### Problem details
From the data below, restate every line word for word.

------ Supplied entries ------

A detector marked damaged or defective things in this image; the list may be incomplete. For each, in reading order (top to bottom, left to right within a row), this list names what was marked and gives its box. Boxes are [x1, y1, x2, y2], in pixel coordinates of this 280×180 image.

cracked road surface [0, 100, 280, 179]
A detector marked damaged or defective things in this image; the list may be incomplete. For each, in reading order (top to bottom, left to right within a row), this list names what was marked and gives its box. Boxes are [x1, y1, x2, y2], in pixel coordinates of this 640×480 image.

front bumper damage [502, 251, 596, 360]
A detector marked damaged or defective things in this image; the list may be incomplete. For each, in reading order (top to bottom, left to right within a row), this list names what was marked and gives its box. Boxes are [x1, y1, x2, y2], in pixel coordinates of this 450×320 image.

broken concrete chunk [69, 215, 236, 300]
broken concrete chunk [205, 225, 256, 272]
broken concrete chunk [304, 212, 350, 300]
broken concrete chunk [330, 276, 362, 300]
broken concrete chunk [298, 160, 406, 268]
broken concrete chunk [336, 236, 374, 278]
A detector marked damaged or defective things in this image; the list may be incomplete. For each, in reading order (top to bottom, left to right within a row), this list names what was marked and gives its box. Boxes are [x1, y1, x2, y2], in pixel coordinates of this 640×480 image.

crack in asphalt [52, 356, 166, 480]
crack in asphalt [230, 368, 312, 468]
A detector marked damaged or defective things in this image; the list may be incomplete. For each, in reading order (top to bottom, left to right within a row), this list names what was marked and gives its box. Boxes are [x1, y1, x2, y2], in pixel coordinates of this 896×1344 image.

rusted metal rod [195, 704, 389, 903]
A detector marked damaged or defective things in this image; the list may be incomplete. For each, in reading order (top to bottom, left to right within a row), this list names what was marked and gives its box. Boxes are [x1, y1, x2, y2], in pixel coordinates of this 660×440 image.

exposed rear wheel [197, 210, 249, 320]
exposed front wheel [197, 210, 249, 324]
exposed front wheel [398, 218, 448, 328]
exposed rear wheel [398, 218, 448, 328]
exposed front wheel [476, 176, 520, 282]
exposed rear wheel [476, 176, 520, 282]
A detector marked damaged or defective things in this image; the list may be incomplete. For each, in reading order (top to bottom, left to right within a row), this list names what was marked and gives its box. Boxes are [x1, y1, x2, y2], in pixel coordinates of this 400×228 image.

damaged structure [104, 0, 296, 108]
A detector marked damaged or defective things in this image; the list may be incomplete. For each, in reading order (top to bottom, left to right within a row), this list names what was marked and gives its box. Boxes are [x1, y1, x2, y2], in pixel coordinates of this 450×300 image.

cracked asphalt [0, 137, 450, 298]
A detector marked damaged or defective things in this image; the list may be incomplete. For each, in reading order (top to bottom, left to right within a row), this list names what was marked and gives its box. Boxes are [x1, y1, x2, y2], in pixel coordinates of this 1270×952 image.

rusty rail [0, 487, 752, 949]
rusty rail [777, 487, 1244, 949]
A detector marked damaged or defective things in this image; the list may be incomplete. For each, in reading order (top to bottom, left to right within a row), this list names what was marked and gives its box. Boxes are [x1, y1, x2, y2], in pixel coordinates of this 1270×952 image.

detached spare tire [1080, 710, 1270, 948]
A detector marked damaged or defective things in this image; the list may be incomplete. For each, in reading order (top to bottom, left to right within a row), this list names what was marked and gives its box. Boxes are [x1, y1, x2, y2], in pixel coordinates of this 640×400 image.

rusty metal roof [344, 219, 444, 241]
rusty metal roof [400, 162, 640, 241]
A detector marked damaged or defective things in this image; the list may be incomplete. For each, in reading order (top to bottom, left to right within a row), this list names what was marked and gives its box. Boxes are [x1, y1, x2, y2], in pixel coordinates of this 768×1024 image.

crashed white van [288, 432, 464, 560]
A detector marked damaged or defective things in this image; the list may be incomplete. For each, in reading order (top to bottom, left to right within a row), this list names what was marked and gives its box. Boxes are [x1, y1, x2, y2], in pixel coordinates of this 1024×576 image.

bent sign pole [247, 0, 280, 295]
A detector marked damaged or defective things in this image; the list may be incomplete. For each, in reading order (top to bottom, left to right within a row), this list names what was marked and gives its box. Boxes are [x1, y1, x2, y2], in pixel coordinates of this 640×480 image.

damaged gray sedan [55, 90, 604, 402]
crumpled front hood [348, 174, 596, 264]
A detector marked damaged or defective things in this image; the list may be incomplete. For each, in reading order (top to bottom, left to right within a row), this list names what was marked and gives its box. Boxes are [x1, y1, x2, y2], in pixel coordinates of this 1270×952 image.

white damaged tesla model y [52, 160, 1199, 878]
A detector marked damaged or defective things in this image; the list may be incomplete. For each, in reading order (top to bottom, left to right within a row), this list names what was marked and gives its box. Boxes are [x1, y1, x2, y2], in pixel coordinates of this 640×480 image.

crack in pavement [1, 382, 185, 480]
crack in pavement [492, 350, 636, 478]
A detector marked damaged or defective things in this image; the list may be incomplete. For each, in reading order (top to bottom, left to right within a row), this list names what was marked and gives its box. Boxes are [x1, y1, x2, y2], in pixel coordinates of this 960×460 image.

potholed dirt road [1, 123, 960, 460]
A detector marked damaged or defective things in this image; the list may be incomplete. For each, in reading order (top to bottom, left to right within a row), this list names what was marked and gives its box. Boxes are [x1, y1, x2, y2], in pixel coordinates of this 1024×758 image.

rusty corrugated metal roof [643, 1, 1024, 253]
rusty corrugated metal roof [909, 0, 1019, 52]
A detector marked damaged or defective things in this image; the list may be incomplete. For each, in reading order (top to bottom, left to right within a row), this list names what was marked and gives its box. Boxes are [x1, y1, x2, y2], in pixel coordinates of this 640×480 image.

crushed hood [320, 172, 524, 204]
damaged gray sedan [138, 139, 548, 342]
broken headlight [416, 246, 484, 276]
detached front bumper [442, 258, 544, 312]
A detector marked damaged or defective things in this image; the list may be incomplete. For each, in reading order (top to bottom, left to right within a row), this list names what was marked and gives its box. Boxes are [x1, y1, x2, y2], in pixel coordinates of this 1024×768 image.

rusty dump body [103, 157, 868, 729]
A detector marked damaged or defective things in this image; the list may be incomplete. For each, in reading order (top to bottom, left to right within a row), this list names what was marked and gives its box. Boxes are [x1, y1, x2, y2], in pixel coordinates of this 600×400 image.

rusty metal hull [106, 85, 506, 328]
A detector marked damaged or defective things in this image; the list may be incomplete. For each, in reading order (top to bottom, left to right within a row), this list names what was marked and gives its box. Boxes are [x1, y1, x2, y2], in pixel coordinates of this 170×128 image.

------

### The answer
A detector marked damaged or defective things in this image; the list may be incomplete. For each, in reading order (top to bottom, left to right within a row), this list names what was marked and gives its box. Boxes are [x1, y1, x2, y2], in pixel coordinates of this 280×180 image.

cracked road surface [0, 100, 280, 179]
A detector marked damaged or defective things in this image; the list may be incomplete. For each, in reading order (top to bottom, left to right within a row), this list names what was marked and gives its box. Boxes are [x1, y1, x2, y2], in pixel coordinates of this 640×480 image.

front bumper damage [502, 251, 596, 360]
A detector marked damaged or defective things in this image; the list may be incomplete. For each, in reading order (top to bottom, left to right within a row), this list names what was marked and gives its box. Boxes are [x1, y1, x2, y2], in pixel coordinates of this 450×320 image.

broken concrete chunk [69, 215, 236, 300]
broken concrete chunk [205, 225, 256, 272]
broken concrete chunk [304, 212, 350, 300]
broken concrete chunk [330, 276, 362, 300]
broken concrete chunk [298, 160, 406, 268]
broken concrete chunk [336, 236, 374, 278]
A detector marked damaged or defective things in this image; the list may be incomplete. For each, in reading order (top to bottom, left to right within a row), this list names what was marked and gives its box. Boxes are [x1, y1, x2, y2], in pixel coordinates of this 640×480 image.

crack in asphalt [52, 356, 166, 480]
crack in asphalt [230, 368, 312, 468]
A detector marked damaged or defective things in this image; the list may be incomplete. For each, in reading order (top to bottom, left to right within a row), this list names what was marked and gives its box. Boxes are [x1, y1, x2, y2], in pixel coordinates of this 896×1344 image.

rusted metal rod [195, 704, 389, 903]
A detector marked damaged or defective things in this image; the list may be incomplete. For each, in reading order (top to bottom, left to right within a row), this list names what was marked and gives its box. Boxes are [x1, y1, x2, y2], in pixel coordinates of this 660×440 image.

exposed rear wheel [197, 210, 249, 320]
exposed front wheel [197, 210, 249, 324]
exposed front wheel [398, 218, 448, 328]
exposed rear wheel [398, 218, 448, 328]
exposed front wheel [476, 176, 520, 282]
exposed rear wheel [476, 176, 520, 282]
A detector marked damaged or defective things in this image; the list may be incomplete. For each, in reading order (top to bottom, left to right within a row), this list names what was marked and gives its box. Boxes are [x1, y1, x2, y2], in pixel coordinates of this 400×228 image.

damaged structure [104, 0, 296, 108]
A detector marked damaged or defective things in this image; the list may be incomplete. For each, in reading order (top to bottom, left to right within a row), this list names what was marked and gives its box. Boxes are [x1, y1, x2, y2], in pixel coordinates of this 450×300 image.

cracked asphalt [0, 137, 450, 298]
A detector marked damaged or defective things in this image; the list may be incomplete. For each, in reading order (top to bottom, left to right within a row), this list names what was marked and gives its box. Boxes are [x1, y1, x2, y2], in pixel coordinates of this 1270×952 image.

rusty rail [0, 487, 752, 949]
rusty rail [777, 487, 1244, 949]
A detector marked damaged or defective things in this image; the list may be incomplete. For each, in reading order (top to bottom, left to right within a row), this list names what was marked and gives its box. Boxes are [x1, y1, x2, y2], in pixel coordinates of this 1270×952 image.

detached spare tire [1080, 710, 1270, 948]
A detector marked damaged or defective things in this image; the list may be incomplete. For each, in reading order (top to bottom, left to right within a row), this list names what was marked and gives its box. Boxes are [x1, y1, x2, y2], in pixel coordinates of this 640×400 image.

rusty metal roof [344, 219, 444, 241]
rusty metal roof [400, 162, 640, 241]
A detector marked damaged or defective things in this image; the list may be incomplete. For each, in reading order (top to bottom, left to right within a row), this list names what was marked and gives its box. Boxes are [x1, y1, x2, y2], in pixel coordinates of this 768×1024 image.

crashed white van [288, 432, 464, 560]
A detector marked damaged or defective things in this image; the list may be incomplete. For each, in reading order (top to bottom, left to right within a row), this list names what was marked and gives its box. Boxes are [x1, y1, x2, y2], in pixel coordinates of this 1024×576 image.

bent sign pole [247, 0, 280, 295]
A detector marked damaged or defective things in this image; the list may be incomplete. For each, in reading order (top to bottom, left to right within a row), this list names what was marked and gives its box. Boxes are [x1, y1, x2, y2], in pixel coordinates of this 640×480 image.

damaged gray sedan [55, 90, 604, 402]
crumpled front hood [348, 174, 596, 264]
A detector marked damaged or defective things in this image; the list may be incomplete. For each, in reading order (top to bottom, left to right within a row), this list names what was marked and gives its box. Boxes are [x1, y1, x2, y2], in pixel coordinates of this 1270×952 image.

white damaged tesla model y [52, 160, 1199, 878]
A detector marked damaged or defective things in this image; the list may be incomplete. For each, in reading order (top to bottom, left to right within a row), this list names what was marked and gives its box. Boxes are [x1, y1, x2, y2], in pixel coordinates of this 640×480 image.

crack in pavement [1, 382, 185, 480]
crack in pavement [492, 350, 636, 478]
A detector marked damaged or defective things in this image; the list may be incomplete. For each, in reading order (top to bottom, left to right within a row), this list names what was marked and gives its box. Boxes are [x1, y1, x2, y2], in pixel coordinates of this 960×460 image.

potholed dirt road [1, 123, 960, 460]
A detector marked damaged or defective things in this image; the list may be incomplete. For each, in reading order (top to bottom, left to right within a row), this list names what was marked and gives its box. Boxes are [x1, y1, x2, y2], in pixel coordinates of this 1024×758 image.

rusty corrugated metal roof [643, 1, 1024, 253]
rusty corrugated metal roof [909, 0, 1019, 52]
A detector marked damaged or defective things in this image; the list may be incomplete. For each, in reading order (top to bottom, left to right within a row), this list names what was marked and gives its box. Boxes are [x1, y1, x2, y2], in pixel coordinates of this 640×480 image.

crushed hood [320, 172, 524, 204]
damaged gray sedan [138, 139, 548, 342]
broken headlight [416, 246, 484, 276]
detached front bumper [442, 258, 544, 312]
A detector marked damaged or defective things in this image; the list may be incomplete. For each, in reading order (top to bottom, left to right within a row), this list names what was marked and gives its box. Boxes are [x1, y1, x2, y2], in pixel coordinates of this 1024×768 image.

rusty dump body [103, 157, 868, 729]
A detector marked damaged or defective things in this image; the list may be incomplete. For each, in reading order (top to bottom, left to right within a row), this list names what was marked and gives its box. Boxes are [x1, y1, x2, y2], in pixel coordinates of this 600×400 image.

rusty metal hull [106, 85, 506, 328]
A detector marked damaged or defective things in this image; the list may be incomplete. For each, in reading order (top to bottom, left to right within a row), this list names what was marked and gives its box. Boxes are [x1, y1, x2, y2], in pixel coordinates of this 170×128 image.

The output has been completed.